Only the lines from the one containing "Michael Oher, el" through the end of the data below are to be repeated, exactly as given, without pictures.

### Data for review

________

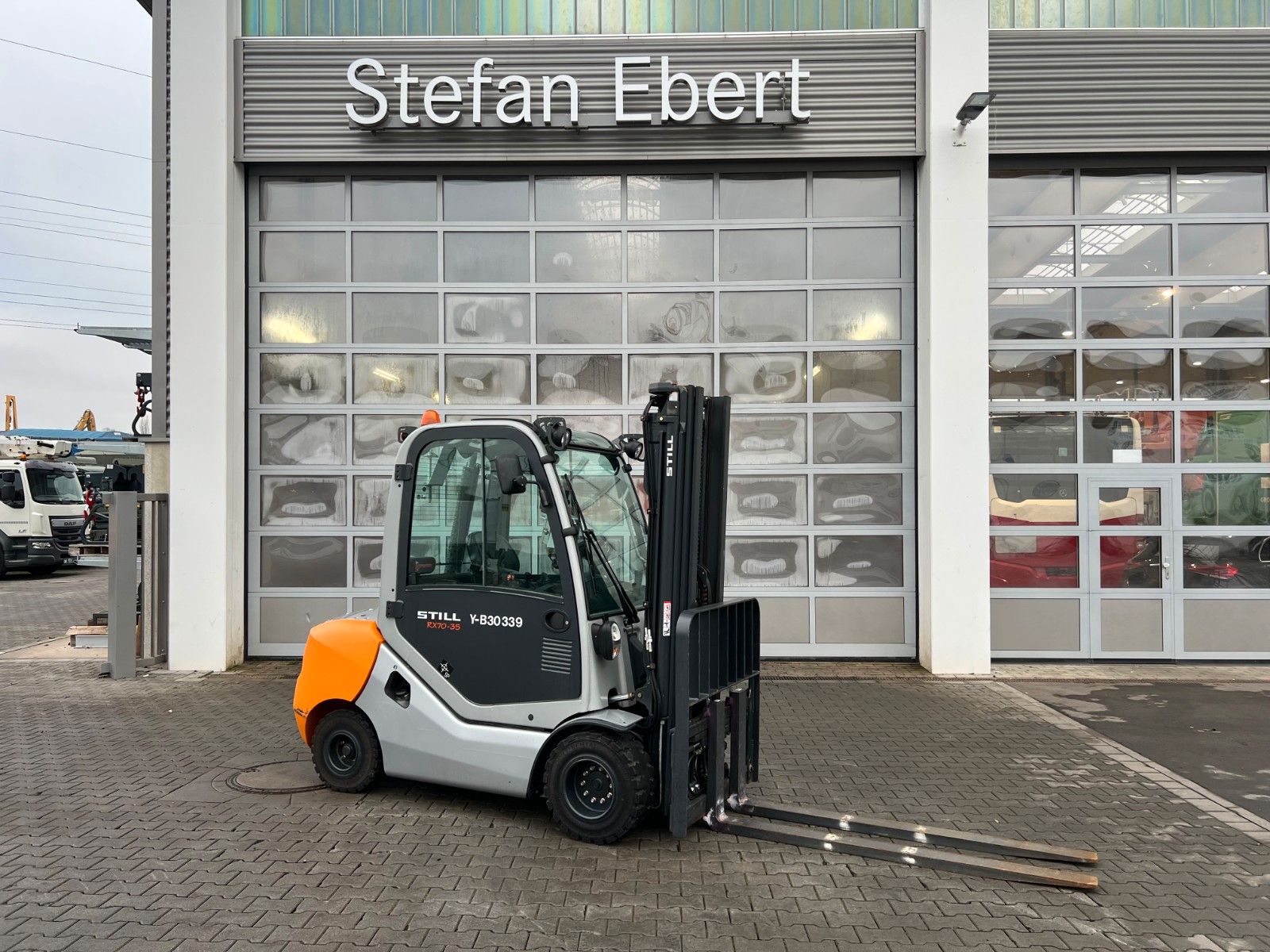 Fahrzeugabbildung Still RX70-35 / Triplex: 4.80m / nur 325h / SS / Waage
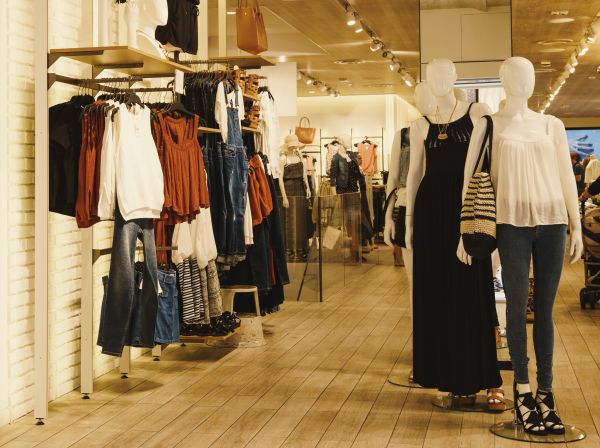 Πότε ξεκινούν οι θερινές εκπτώσεις | imommy.gr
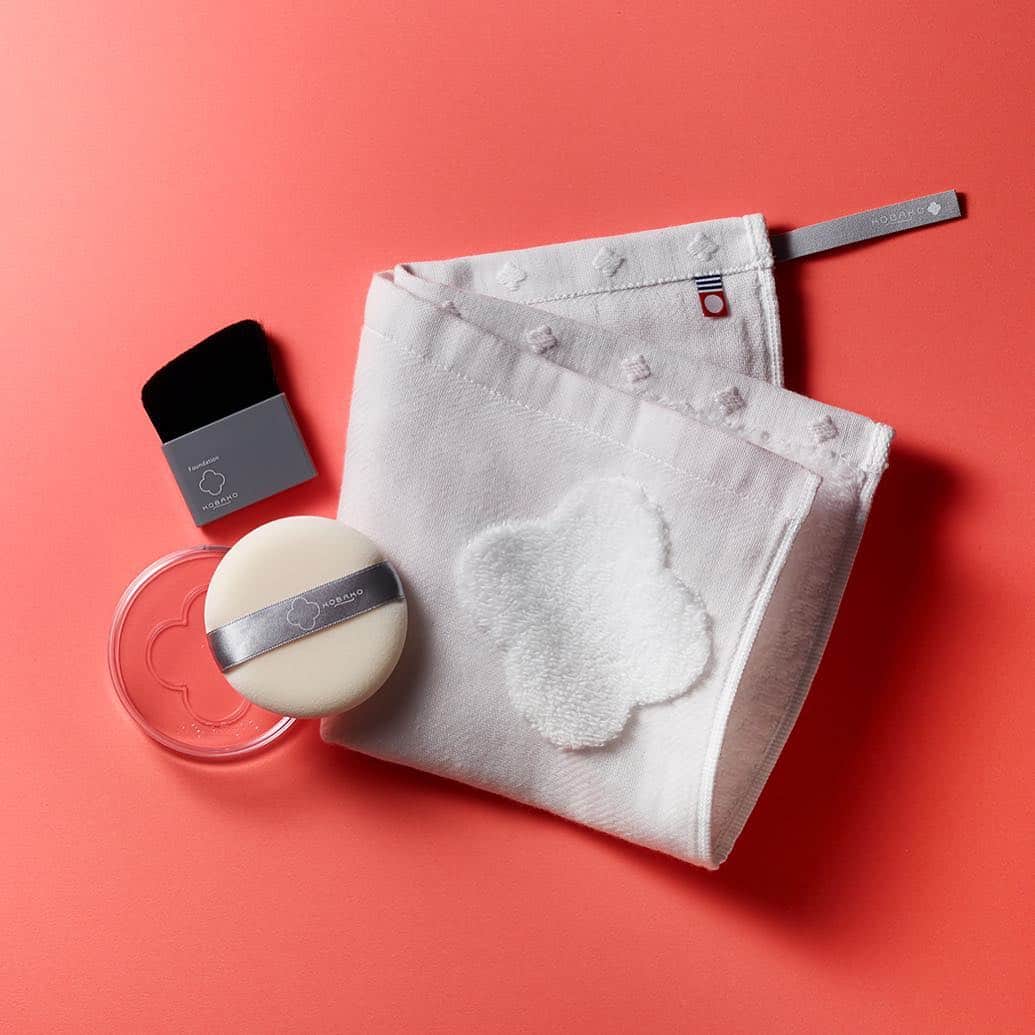 のインスタグラム：「Spring Beauty Wish List! 春のおとずれとともに、かさつきより毛穴のお悩みにシフトしつつある、なんてお声もチラホラ。 スチーム洗顔タオルの温&冷使いや、毛穴の気になるお肌向けのベースメイクツールで、スキンケアアイテム以外からもアプローチしてみて♡ --- #kobako #コバコ #beautytools #ビューティーツール #beautyproducts #produitdebeauté #スチーム洗顔タオル #steamfacialwashingtowel #steamtowels #ファンデーションブラシ #ファンデーションブラシo #パウダーパフo #foundationbrush #makeupbrushes #makeuppuff #ベースメイク #makeup #메이크업 #beauty #beauté #미용 #instabeauty #kai #貝印 #今治タオル と #熊野 の #メイクブラシ #japanbeautyproducts #springbeauty #enjoyspring」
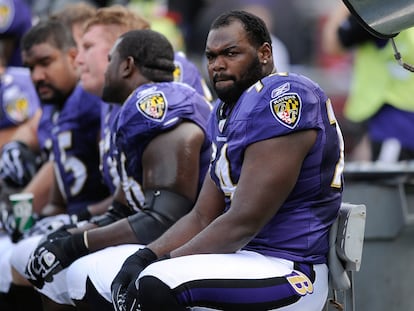 Michael Oher, el tacle ofensivo de los Ravens de Baltimore Ravens, aguarda en la banca de un partido, en octubre de 2010.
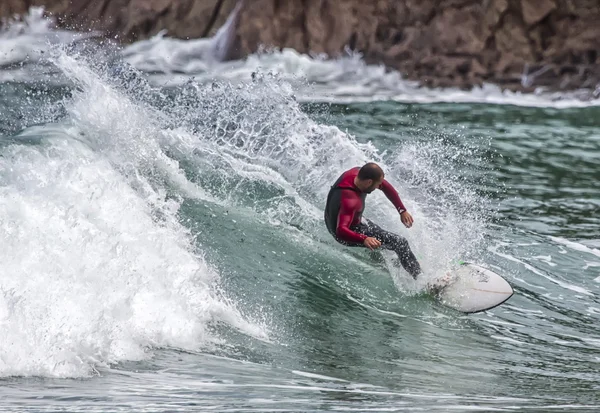 Surfista in azione sull'onda — Foto Stock
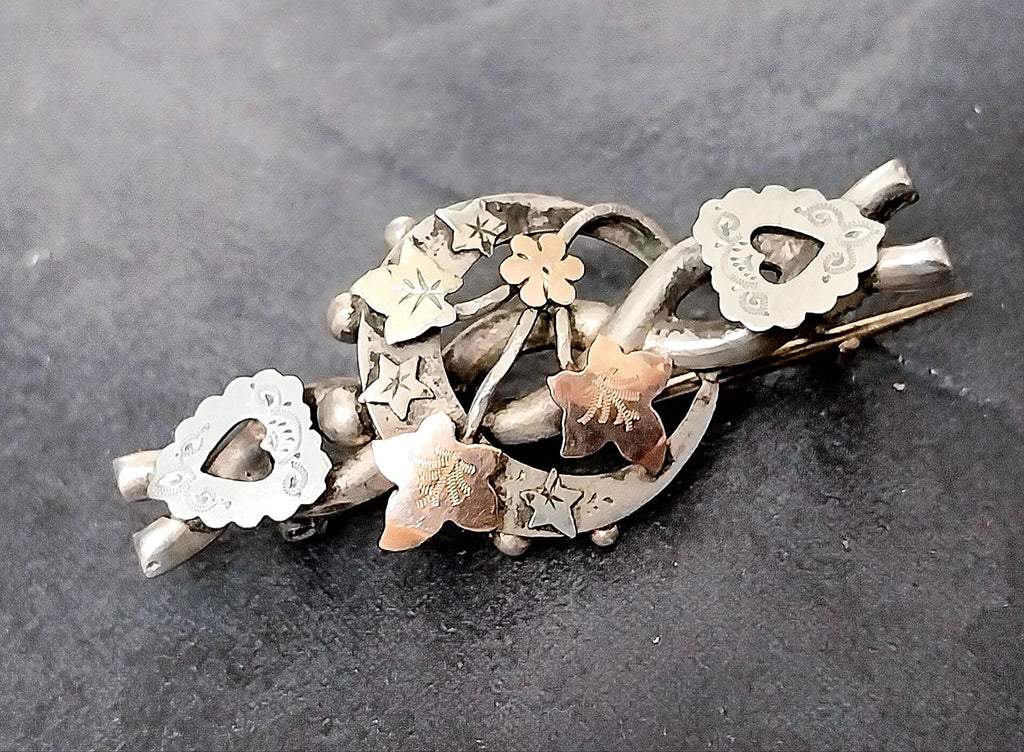 VICTORIAN CRESCENT MOON Brooch with hearts - Hallmarked 1899 - 4.3g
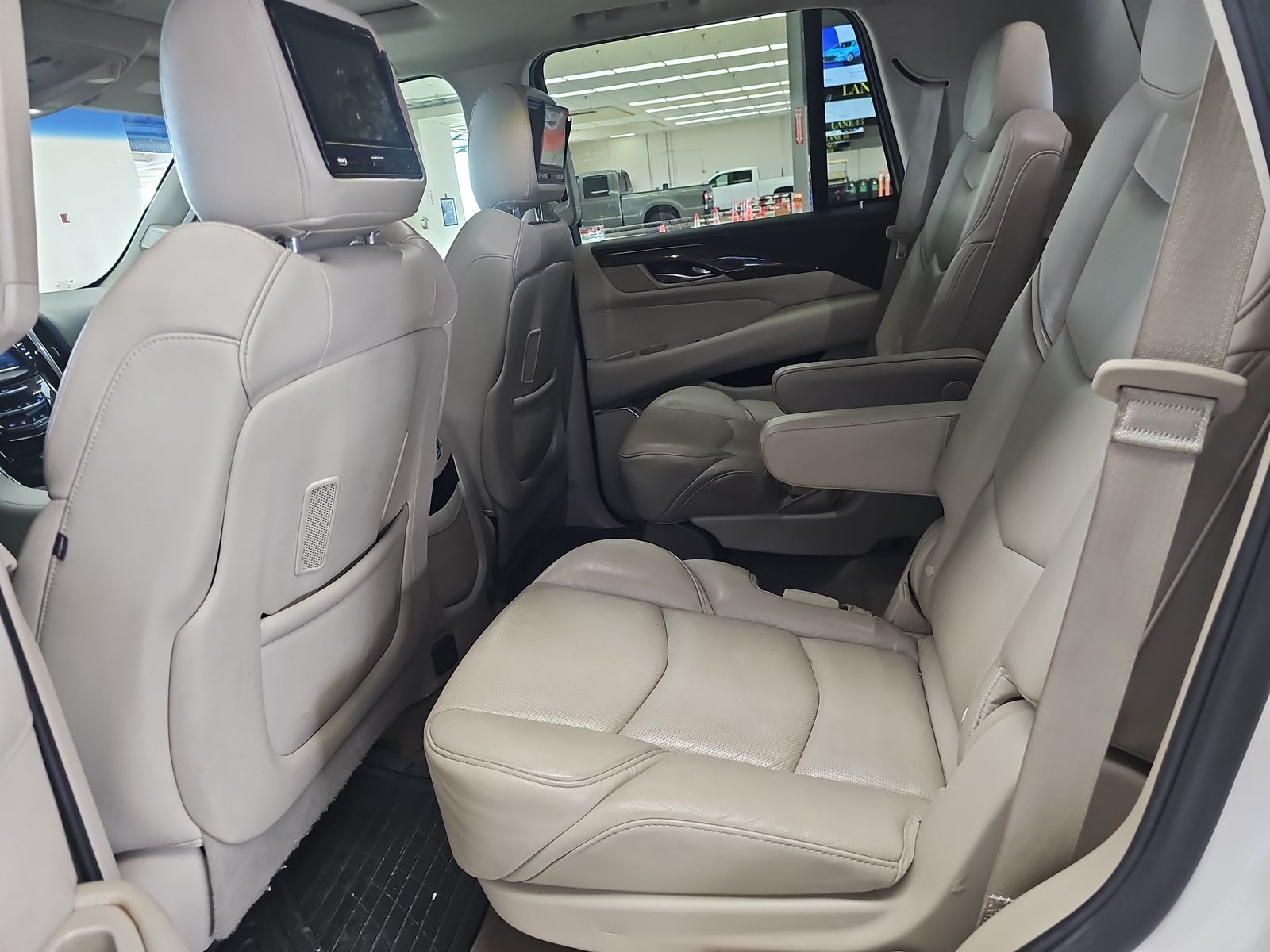 2018 Cadillac Escalade Luxury RWD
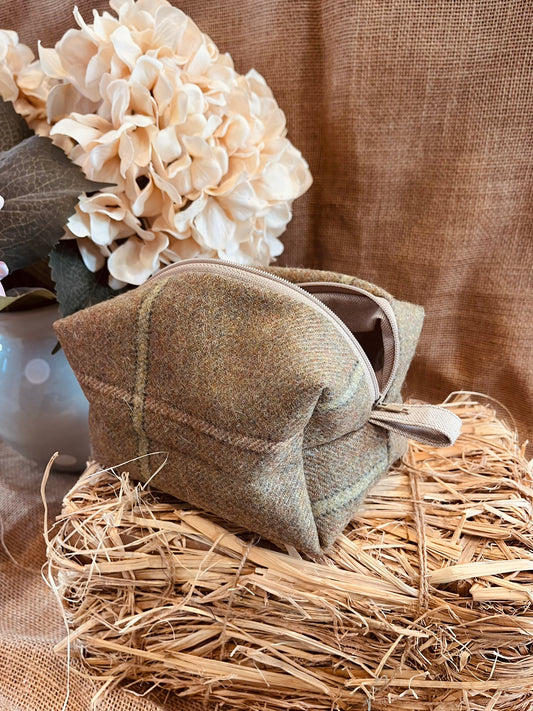 Green Tweed Makeup Bag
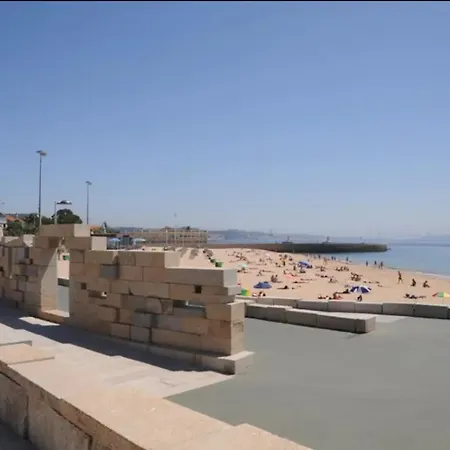 Sea View & 4 Minutes Walk To The *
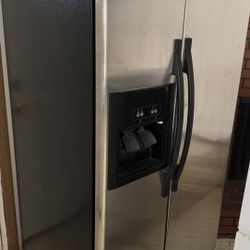 FREE Working Fridge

________

### Solution to this problem
 Michael Oher, el tacle ofensivo de los Ravens de Baltimore Ravens, aguarda en la banca de un partido, en octubre de 2010.
 Surfista in azione sull'onda — Foto Stock
 VICTORIAN CRESCENT MOON Brooch with hearts - Hallmarked 1899 - 4.3g
 2018 Cadillac Escalade Luxury RWD
 Green Tweed Makeup Bag
 Sea View & 4 Minutes Walk To The *
 FREE Working Fridge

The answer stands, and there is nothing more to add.